Ministers pointed the finger at the regulatory regime introduced by the previous Labour Government, saying the mistake was another sign of the problems exposed by the financial crisis. The Treasury is not aware of the blunder being repeated by other banks but an independent inquiry will be conducted by the consultants Deloitte into how it happened and what lessons can be learned.
Brooks Newmark, a Conservative MP, told the Commons: “This is yet another example where the previous Government's total failure to regulate the banking system properly has cost this country dearly.”
Mr Osborne told MPs: “Some customers with certain types of mainly unsecured personal loans were not given all the mandatory information in their statements which they were entitled to by law. As a result, interest payments on these loans are not legally enforceable.”
Ed Balls, the shadow Chancellor, accused Mr Osborne of trying to “slip out” the news during Commons questions rather than making a proper statement ”to avoid any proper scrutiny or questioning“ from MPs.
Sajid Javid, the Economic Secretary to the Treasury, said in a written Commons statement that refunds would be paid into customers' accounts. “Where redress is required, this will be made by correcting a customer's account balance to reverse the consequences of them being charged any interest over the period in which the documentation is non-compliant,” he said. “There is no need for customers to take any action at this time.”
The problem was discovered by UK Asset Resolution (UKAR), a new public body which owns NRAM and the nationalised mortgages of Bradford & Bingley.
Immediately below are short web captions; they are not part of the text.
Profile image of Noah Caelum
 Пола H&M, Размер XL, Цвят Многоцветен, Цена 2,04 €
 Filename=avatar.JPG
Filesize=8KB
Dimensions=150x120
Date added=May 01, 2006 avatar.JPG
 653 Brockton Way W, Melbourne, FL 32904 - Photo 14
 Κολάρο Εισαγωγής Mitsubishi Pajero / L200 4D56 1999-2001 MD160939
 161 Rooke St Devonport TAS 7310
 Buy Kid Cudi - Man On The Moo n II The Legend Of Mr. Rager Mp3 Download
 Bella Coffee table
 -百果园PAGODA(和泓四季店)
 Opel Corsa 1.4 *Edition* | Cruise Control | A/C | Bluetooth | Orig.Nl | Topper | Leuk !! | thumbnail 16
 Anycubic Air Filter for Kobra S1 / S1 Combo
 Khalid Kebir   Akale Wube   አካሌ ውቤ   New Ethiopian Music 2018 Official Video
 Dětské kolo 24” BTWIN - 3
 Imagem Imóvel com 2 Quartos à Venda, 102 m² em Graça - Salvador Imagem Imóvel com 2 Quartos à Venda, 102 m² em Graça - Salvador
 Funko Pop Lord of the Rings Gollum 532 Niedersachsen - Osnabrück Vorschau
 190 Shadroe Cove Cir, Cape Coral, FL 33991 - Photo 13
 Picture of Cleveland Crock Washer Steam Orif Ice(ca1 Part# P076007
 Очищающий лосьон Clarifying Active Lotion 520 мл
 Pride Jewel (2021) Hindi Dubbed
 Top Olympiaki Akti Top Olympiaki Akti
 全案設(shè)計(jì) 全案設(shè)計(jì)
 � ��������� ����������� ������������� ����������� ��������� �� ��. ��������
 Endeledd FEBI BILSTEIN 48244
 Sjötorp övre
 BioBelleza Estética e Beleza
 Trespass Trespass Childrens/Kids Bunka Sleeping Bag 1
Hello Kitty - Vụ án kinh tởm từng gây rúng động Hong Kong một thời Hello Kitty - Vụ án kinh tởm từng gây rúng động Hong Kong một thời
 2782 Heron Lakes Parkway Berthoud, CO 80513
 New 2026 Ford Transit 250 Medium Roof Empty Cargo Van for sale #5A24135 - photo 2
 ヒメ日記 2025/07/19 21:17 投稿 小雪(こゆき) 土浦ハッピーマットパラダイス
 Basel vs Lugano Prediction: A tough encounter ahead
Richard Banks, UKAR’s chief executive, said: “NRAM is acting in accordance with its legal responsibilities and we are determined to do the right thing for customers and the taxpayer. We will be writing to all customers who are affected and advising them on next steps. We have not received any complaints or claims as a result of this matter and as far as we are aware, it has not resulted in financial loss for customers.”